Deal to send rice water to SoCal could dry up before summer

Rice Fields, Tuesday, July 15, 2014.  Photo Brian BaerThe Sacramento Bee recently reported it’s a done deal to transfer water from Central Valley rice farmers to Southern California. The transfer would alleviate curtailments of urban water allocations.

But if California does not provide the full allocation to the owners of what are called “senior water rights,” the transfers are unlikely to happen.

Explaining water rights in a general context, according to Jay Lund, water resources professor at the University of California, Davis, “If you’re a senior water right holder, you’re the last to be shorted. So, all the junior water right holders that are junior to you will lose all of their water before you lose a drop.”

On March 10 the Board of Directors of the Metropolitan Water District of Southern California authorized $71 million to secure 70,000 acre-feet of additional raw water supplies via the water market for 2015. However, on March 11, the Chico Enterprise-Record reported rice farmers with senior water rights were predisposed to not transfer water to MWD if their state water allocation this year is cut.

Then on March 14, the Enterprise-Record reported the water transfer would involve a total of 115,000 acre-feet of water from Central Valley rice farmers to Southern California. The Kern County Water Agency would get about 35,600 acre-feet of water.

An acre-foot of water serves about two urban households or about one-third of an acre of farmland per year.

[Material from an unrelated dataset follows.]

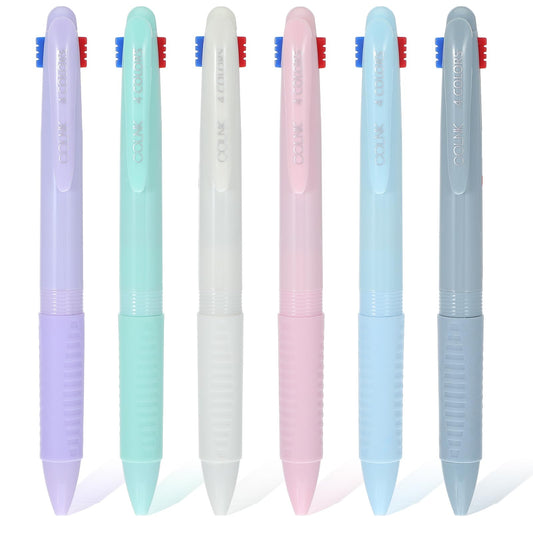 Wanmu Multicolor Pen in One, 6 Pcs Multicolor Ball Point Pens, 4-in-1 Colored Pens, 0.5mm Fine Point Multi Ink Pens, 4-Color Pen for School, Student, Office Supplies,Nurse Note Taking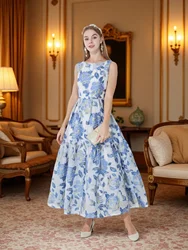 2026 Spring Summer New Luxury Heavy-Duty 3D Gold Thread Jacquard Sleeveless Waist-Cinching Full-Skirt Banquet Gown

Ted Trimble, manager of the Western Canal Water District, told the newspaper it looked like his district would see cuts.  The deciding factor: If the flows of water into Lake Oroville are below the contract threshold, then his district can receive only half of its water.

The March 1 state water forecast tentatively indicated Western would barely meet the threshold for water supply, said Trimble.

Reservoir inflow

Lake Oroville has increased its historic average capacity from 53 percent in mid-December 2014 to 70 percent as of March 2, 2015. But reservoir inflow has dropped from 5,031 cubic feet of water per second on Feb. 15 to 1,719 CFS on March 12, indicating a slowing of inflow.

Marta Weissman, Director of Research for Statecon, Inc. water economists and consultants, said in an email to CalWatchdog.com the forecasted Federal Central Valley Project water allocation is zero percent to 25 percent.  “If dry conditions persist, CVP contractors whose water supply is based on senior water rights may also see a reduction,” she said.

The Upper Feather River Watershed supplies 3.2 million acre-feet of water per year on average for downstream users, with an average daily flow into Lake Oroville of 5,310 cubic feet per second. In 1997 the inflow to Lake Oroville reached 300,000 cubic feet per second during a storm.

Furthermore, the state water forecast assumes “normal hydrology” of rain until April. As of March 5, 2015, the NOAA Climate Prediction Center is forecasting only a 50 percent to 60 percent chance that favorable but weak El Nino conditions will continue, but could not predict exactly where in the Northern Hemisphere.

The bigger question: Will state and federal water allocations be cut to rice farmers resulting in aborted water sales?

Will farm water allocations be cut?

Water economist Rodney T. Smith, Ph.D., president of Stratecon, Inc. has devised a statistical model posted on his Hydro Wonk website on Feb. 18 that explained about 75 percent of the annual variation in Final State Water Project Allocations. He found that, the more water storage at Lake Oroville at the start of the water year on Oct. 1, and the greater the amount of Northern Sierra rainfall, the higher the allocation of state water for farms and cities.

Smith’s prediction reported Lake Oroville currently has the lowest volume of water since 1990. His 2015 precipitation forecast is better than last year, but still not enough to make up for prior-year shortfalls.

Smith predicted a state water allocation of 21 percent for 2015 for farmers with junior water rights.

There has been much public criticism of rice farmers with century-old senior water rights on the Feather, Sacramento and Yuba Rivers. However, it is those water rights that serve as an unofficial water bank during protracted deep droughts.

In 2014, Western Central Valley farmers with junior water rights had their allocations cut 25 percent, mainly for fish but also to rescue farms with permanent crops such as almonds, walnuts, olives and grapes that cannot be fallowed. MWD bought Central Valley farm water in 1991 and again in 2008.

Overdrafted water

A water transfer between rice farmers and MWD would involve a voluntary transfer of State Water Project water to MWD for urban use and would not tap groundwater.

The main groundwater basin in the Oroville watershed is the Sierra Valley Groundwater Management District, which has a storage capacity of 7.5 million acre-feet of water at a depth of 1,000 feet.

The SVGWMD has been a managed groundwater basin under state law since 1980 and is not listed as a groundwater basin subject to critical conditions of overdraft, as described in the book, “Who Should Be Allowed to Sell Water in California,” by Ellen Hanak, p. 144.

So MWD would not be buying water from an “unmanaged” or over-drafted aquifer.